Resolution is the ability to discern one number from another. It’s impossible to read to the thousandths of an inch (.001) with a tape measure but easy with a micrometer. The micrometer has better resolution than the tape measure but the tape measure has a greater range.

Implied digits:

In engineering the number of digits to the right of the decimal implies, or indicates the accuracy of the dimension. A typical scenario might be something like this:

1.” = +/- .050”

1.0” = +/- .030”

1.00” = +/- .010”

1.000” = +/- .005”

Nothing is exact, there is always a tolerance. If you say “my cylinder bore measures 2.501” it might be 2.5012 or 2.5008 but it is not 2.501000000000. Of course theoretically it could be but without the proper (and expensive) measurement equipment the point is moot.

Calibration is to compare your equipment to a known standard. “Old Faithful” micrometer may fit your hand like a glove but if it hasn’t been calibrated its reading is suspect. You will need a Gage Block to check your micrometer. Most gage blocks are accurate to a few millionths (.000001) of their nominal dimension. These are available from your local industrial tool distributor. Calibration can apply to your radar gun also – or almost anything that takes a measurement is a candidate.

For checking shafts for out-of-roundness you will need a dial indicator. Many come with a magnetic stand or offer other ways of mounting. Additionally a “V Block set” is necessary to support the ends of what you want to check. None of this does any good with out a good starting surface and they have thought of that too. A Surface Plate is used as a base for most metrology work. Most surface plates are made from granite although some steel surface plates are also used.

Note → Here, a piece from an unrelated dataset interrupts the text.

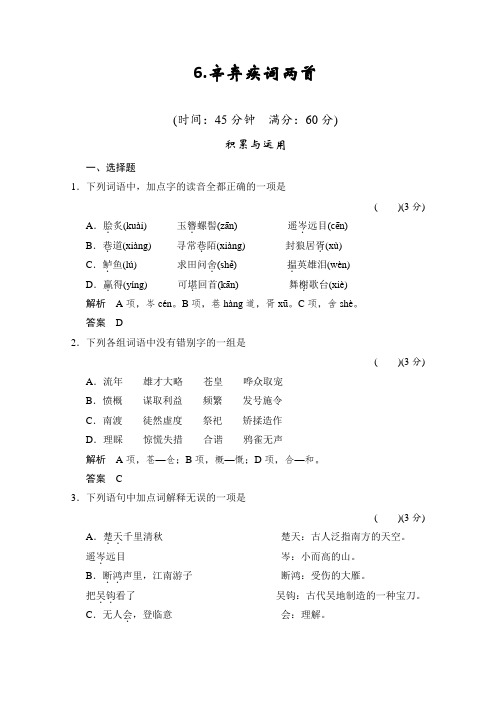 《创新设计》2013-2014学年高二语文同步练习2.6辛弃疾词两首(新人教版必修4)Word版含答案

Surface finish is generally measured in Ra (Roughness Average) and is usually expressed in microinches. A polished surface may be a 1 to 4 whereas a drilled or milled surface may be a 125. Smoother may not always be better. Surface finish can have a large impact on part performance, it all depends on the application and requirements. SF measurement is usually not a home measurement process, it is only mentioned as something that should be taken into account when specifying part geometry or for specific performance requirements. A good guide can be found in Machinery’s Handbook – the standard reference book.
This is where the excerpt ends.